Que dire de plus d’un album de plus de Stereolab ? Les cordes vocales délicates de Laetitia, les lyrics marxistes, les basses rondes égalisées avec un peu de medium, le Farfisa, ce mélange unique d’Exotica, de pop 60’s et de Krautrock, on les retrouve sur chaque nouvel album du groupe. Et si les variations entre chaque disque semblent infimes, pourtant chaque nouvelle sortie apporte son lot d’espérances, l’espoir que le groupe ira au-delà de ses habitudes et du cercle équidistant de ses admirateurs. Or, cet espoir est toujours déçu. Pourtant, ce n’est pas faute de les aimer, ces endives anglaises.
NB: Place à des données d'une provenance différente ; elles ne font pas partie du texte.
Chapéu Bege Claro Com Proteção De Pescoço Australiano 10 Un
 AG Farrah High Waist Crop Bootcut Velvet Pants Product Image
Fab four suture, compilation de singles et d’inédits, est un excellent album, si on le compare à la production musicale générale, mais ce n’est qu’un album de plus de Stereolab, la répétition obsessionnelle des mêmes figures de style virtuoses, des mêmes structures pas possible, des mêmes soli de hautbois en pano sur la gauche. Hors les interventions divines de Jim O’Rourke ou de Sean O’Hagan en d’autres temps (et on voudrait encourager le groupe à donner dans les featurings, s’affronter un peu à l’altérité, arrêter ce jeu de gamin autiste), les fondamentaux de Stereolab restent les mêmes. Permanence, continuité, durée, sempiternité, est-ce qu’on se lasse ? Non, bien sûr. Kyberneticka babicka, part 1 et part 2 jouent adroitement sur des boucles (Phil Glass) et des harmonies vocales (les Beach Boys de Fluoressence), c’est hypnotique, c’est prenant, c’est un peu, joliment, autiste ; Vodiak est amusant, avec ses petits sons concrets dans les coins, son déroulé de batterie, ses entrelacs vocaux, mais bon. Stereolab est toujours très doué pour les titres-slogans, rétro-futuristes, des sortes de mutations organique / machinique, de « machines désirantes » : Get a shot of the refrigerator avec sa basse et son beat un peu funky, a des petits côtés sinistres, des accords mineurs et des synthétiseurs un peu dark, ça ne mange pas de pain. Sinon, c’est souvent joli et gentil. Stereolab, groupe gentil ? On a tellement entendu ça, on a envie de leur dire que c’est vrai, qu’ils sont trop gentils, trop mignons, un peu bébêtes finalement, c’est vrai, qu’il serait temps de devenir méchant comme des adultes, de se coltiner un peu au monde. Laetita, qui parle toujours de révolution, semble n’avoir jamais vraiment accompli la sienne, personnelle (même pas avec Monade). Ca ronronne un peu quoi.

Bon, sinon, c’est un excellent album, évidemment. On l’écoutera encore de temps en temps (peut-être moins que Emperor tomato Ketchup ou Doots and loops, mes albums fétiches). C’est un album qui satisfera (pas plus) les fans et qui permettra aux nouveaux venus de découvrir un des meilleurs groupes pop de notre époque. Mais on les aime tellement, ces endives anglaises, qu’on aimerait bien les aimer encore un peu plus. Encore un effort.